Makes more sense when you think of it in terms of Google both getting to control the standard and getting to shove their libWebp binaries into Firefox, Linux, Mac/iOS, popular image processing libraries, etc etc (oh but HURR DURR IT’S OPEN SOURCE yeah that doesn’t matter when every project just uses Google’s source code without looking at it because Google generously made it a complete turnkey solution you can just import. This isn’t even a hypothetical, Google has already managed to backdoor literally every device that uses it and it had already been exploited by their darling Israel for ages before someone outside of Google discovered it, you expect me to believe it wasn’t intentional?). Like so many things in the tech world, it’s not for your benefit, it’s for the corporations’.
yup
I thought webp was supposed to be smaller at the same loss-level as jpeg? Also, doesn’t it have a lossless mode too? Compatibility is an issue.
…that also has arbitrarily small dimension restrictions.
TIL, how random
How I found out: Honey, I shrunk the scroll
Google: “Webp is futureproof!”
Also Google: “The future definitely won’t have larger images. That’s illegal.”
Webp and avif are nice, but I think their inherent base in a video codec makes them a bit funny, e.g. lack of progressive decoding. I await our jxl future. Jpeg is dated and we can do a lot better than a format defined in the early 90s, as venerable as that format may be.
It’s like holding onto mp3 when aac and opus exist, or mpeg2 when hevc exists. The only benefits of the old stuff is less computation required, which only matters if you are using some seriously primitive hardware in 2025.
Incompatible with every website in which browser? It works for years in both Chrome and Firefox. Is this a meme for Safari users only?
The fact that Google invented this format is the most annoying thing about webp, but the complaints in this image haven’t been an issue for a very long time in my experience.
Webp is pretty great actually. Supporting a 32bit alpha channel means I’ve actually managed to reduce file sizes of what were formerly PNGs by something like 80%, which drastically improved performance (and the size of my project). I don’t get where the complaint of image quality came from either, as it seems to perform better than JPEG at the same file size.

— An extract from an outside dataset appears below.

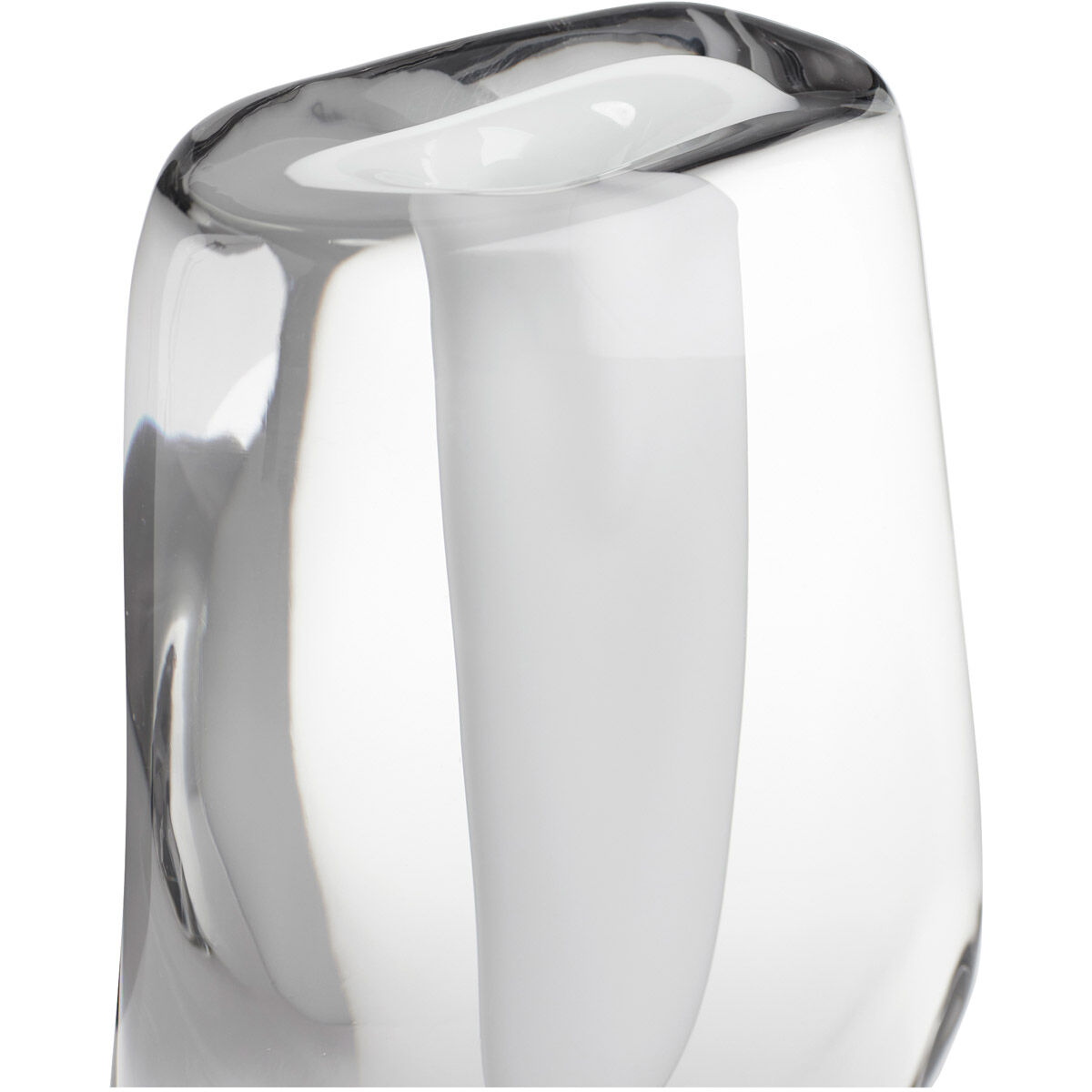 Clear Oppulence 11 X 8 inch Vase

The worst part is that you missed the real problem with the format: the CPU overhead (and therefore the energy cost) of handling the file. A high-traffic site can dramatically increase the energy required for the images processed by the thousands/millions of clients in a single day, which places a drain on the grid and emits more CO₂ (yes, this is really a thing that people measure now).
Basically Google invented the format to externalise their costs. Now, rather than footing the bill for bigger datacentres and greater bandwidth, they made everyone else pay for decompression.
There are situations where the compression can benefit end users as well, such as loading less image data on a capped cellular plan. Transmission of data is not necessarily free for the recipient, either.